# Save Bluffside



## Crothian (Jul 30, 2003)

Gencon was not all happiness and fun, I'm sorry to say.  I learned to my suprise that Bluffside is falling to the wayside.  MEG said they are still looking at doing a pdf for it, but other then that it won't be supported.  It was one of those business descions, and Doug and Hal explained it too me and I could tell they were more then a little sad to see it go.  

But I don't want it to go.  And I'm hoping I'm not alone in this.  So, I want to save Bluffside or at least insure that there will be pdf support.  I love pdfs, so that doesn't bother me.  So, please, people of EN World show your Bluffside support and post that you don't want this great city to fade away.


----------



## BiggusGeekus (Jul 30, 2003)

Huh?

Bluffside is one of the few "must have" city products out there.  Whenever someone has a recommend-a-citybook thread, Bluffside always comes up.

I'm somewhat taken aback by this development.


----------



## Teflon Billy (Jul 30, 2003)

Wierd.

Wierd and sad.

Bluffside was the "catch my attention and refuse to release it" product from the 2002 ENnie awards. Thank God I still have my copy.

Sad to see it go, but if it's not selling, it's not selling.


----------



## trancejeremy (Jul 30, 2003)

I don't think Bluffside was generic enough.

Neat place, but dragon men? Winged folk? 

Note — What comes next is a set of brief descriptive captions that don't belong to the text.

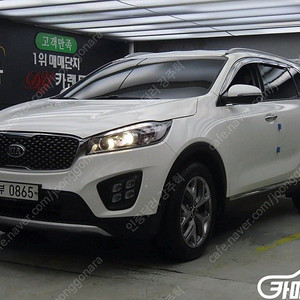 [기아]올 뉴 쏘렌토 디젤 2WD 2.0 프레스티지 중고차중고차매입전액할부감사합니다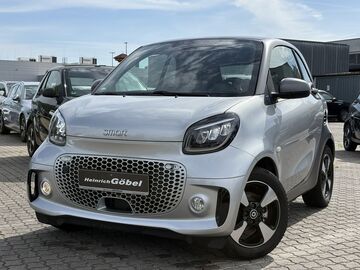 Gebrauchte Smart ForTwo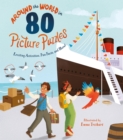 Image for Around the world in 80 picture puzzles  : exciting activities, fun facts, and more!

I would be shocked if more than a handful of people bought the Empire of Sands book. It's not hard to drop a city into your own setting, but an empire of dragon people?


----------



## MEG Hal (Jul 30, 2003)

Let me clarify that.
We are (at the moment) only going to do pdf products for it we will not stop selling it etc...

We have so many lines etc that when we have to see what we need to do to trim down the lines it is the one with the lower sales.

I think what happened was it was sooooo long between Bluffie and Interludes: Sands of Pain that the retailers kinda forgot..so sales dipped, and our other lines stay strong so all I can say is we will support the city and outskirts with pdf's but any other books (like the upcoming underwater book "The Deep") will not be Bluffside specific but will use and reprint items from that setting.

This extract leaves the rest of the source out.